Section 1. The inhabitants of any municipality shall have the power to alter and amend their charters on all matters, not prohibited by Constitution or general law, which are local and municipal in character. The Legislature shall prescribe the procedure by which the municipality may so act.

[10] See Opinions of the Justices, 68 Me. 582, 584 (1876); Lunn v. City of Auburn, supra (characterizing school committee as a "department of our state government"); Shaw v. Small, 124 Me. 36, 125 A. 496 (1924) (in expelling a student, the Committee "in no sense represents the town."); Burkett v. Youngs, 135 Me. 459, 199 A. 619 (1938).

[11] See, e. g., Beckett v. Roderick, Me., 251 A.2d 427, 432 (1969); McGary v. Barrows, 156 Me. 250, 259, 163 A.2d 747 (1960); Kittery Teachers Association v. Superintending School Committee, York County Superior Court, Docket No. 2369, August 12, 1971 (Wernick, J.) (characterizing school committee as "an arm of the state.")

[12] E. g., Board of Trustees of Calaveras Unified School Dist. v. Leach, 258 Cal. App. 2d 281, 65 Cal. Rptr. 588 (1968); State ex rel. Wasilewski v. Board of School Directors, 14 Wis. 2d 243, 111 N.W.2d 198 (1961); Tanner v. Civil Service Commission, 211 Minn. 450, 1 N.W.2d 602 (1941); Spano v. City of Middletown, 169 Misc. 338, 7 N.Y.S.2d 14 (1938). We note, however, that Calaveras turns on a provision of the California Constitution (Art. 11, Sec. 8½, subd. 2). Specifically allowing municipalities to set the term of office for school board members, and that we consider Lanza v. Wagner, cited in text, post, to be inconsistent with Spano, and to effectively overrule it. Further, neither Tanner nor State ex rel. Wasilewski deal directly with issues of municipal school administration.

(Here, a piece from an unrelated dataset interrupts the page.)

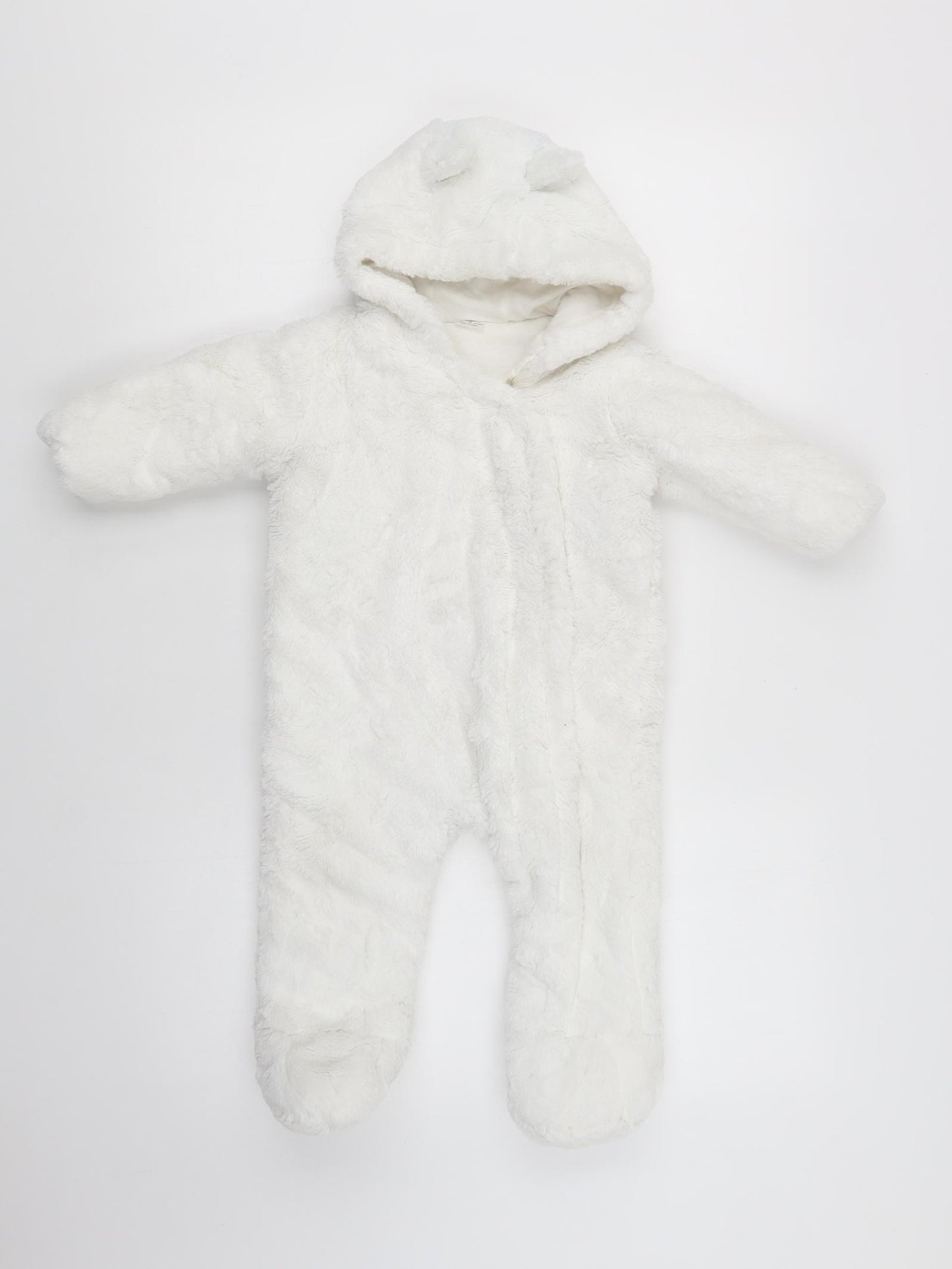 F&F Baby White    Snowsuit Size 6-9 Months   Zip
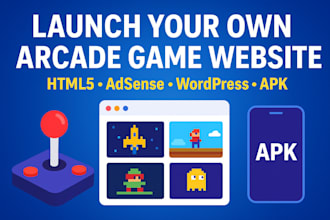 launch your own arcade game, html5, google adsense, online games, wordpress, apk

[13] See e. g., School District of Seward Education Association v. School District of Seward, 188 Neb. 772, 199 N.W.2d 752, 757 (1972); Penn School Dist. No. 7 v. Board of Education, 14 Mich.App. 109, 165 N.W.2d 464, 472 (1968); Campbell v. Area Vocational Technical School No. 2, 183 Neb. 318, 159 N.W.2d 817, 821 (1968); State ex rel. Clulow v. Board of Education, 339 P.2d 534 (Okl.1959); Belles v. Burr, 76 Mich. 1, 43 N.W. 24 (1889).

[14] Significantly, in establishing terms of office for 53 town school committees by private and special laws from 1945 until the 1969 adoption of the Home Rule amendment to our Constitution, the Legislature consistently prescribed a three-year term, either explicitly or by reference to the general law. One of these, as noted, was the Town of Winslow.

[15] Winslow has held Committee elections under its charter system for years, without apparent controversy. Whether the State could compel it to employ a town meeting for such elections after chartering a council-manager form of government is an issue not presented.

[16] For example, 20 M.R.S.A. § 476 provides:

Sections 471 and 472 shall not apply to cities whose charters specify the methods of election and term of office of a superintending school committee or board of education; nor to towns, cities and incorporated districts authorized by private and special laws to choose school committees other than those herein provided for.

In the case of Winslow, the relevant private and special law specified a three-year term, the same as prescribed by §§ 471-472. Nor was a committee of a different nature than that contemplated by §§ 471-472 authorized. We cannot accept the suggestion that chartering a town with a council-manager form of government makes applicable all legislative pronouncements addressed to "cities" or "municipalities." Accordingly, §§ 471-472 govern.

[17] We do not need to decide that a 3-year school committee term is constitutionally mandated; only that the Legislature has evidenced an intention, consistent with our Constitution, to prescribe 3 years as the required term.